About this exercise: Repeat only the lines below from the one that contains "Obuwie asics biegowe Rozmiar EUR 43,5" through the final line, exactly. Omit pictures.

========================

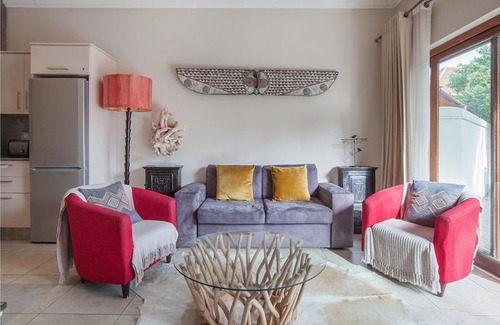 Sea Point Apartment | Planet Africa 1 By Ctha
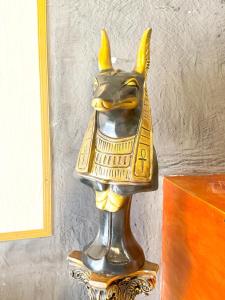 a bronze statue of aubis on a table at Hotel Sexta Avenida in Tapachula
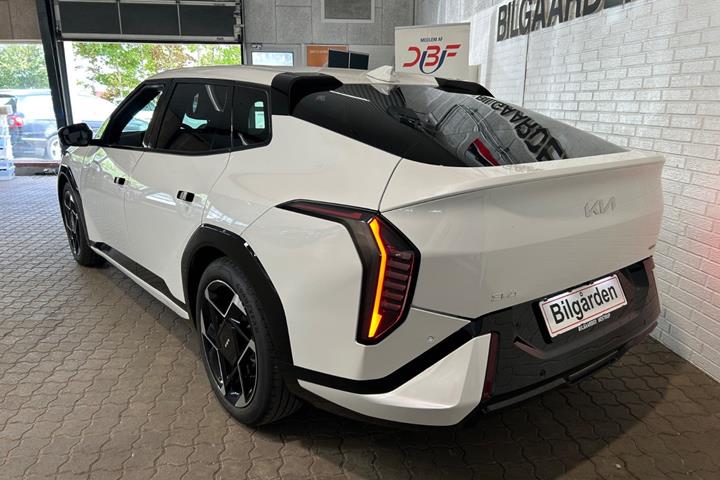 Hvid Kia EV4 fra 2026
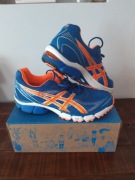 Obuwie asics biegowe Rozmiar EUR 43,5 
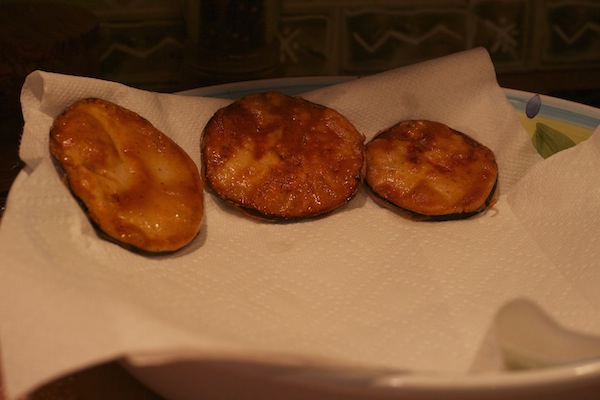 freshly-fried-eggplant-for-eggplant-parmesan
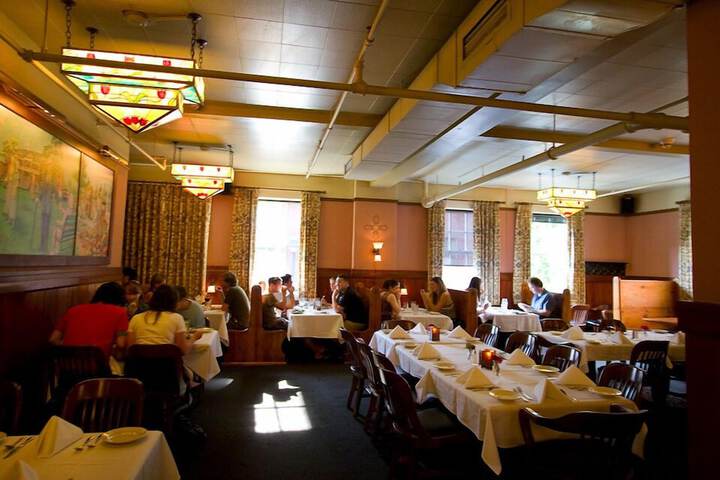 Dining 87 of 125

========================

Solved problem:
 Obuwie asics biegowe Rozmiar EUR 43,5 
 freshly-fried-eggplant-for-eggplant-parmesan
 Dining 87 of 125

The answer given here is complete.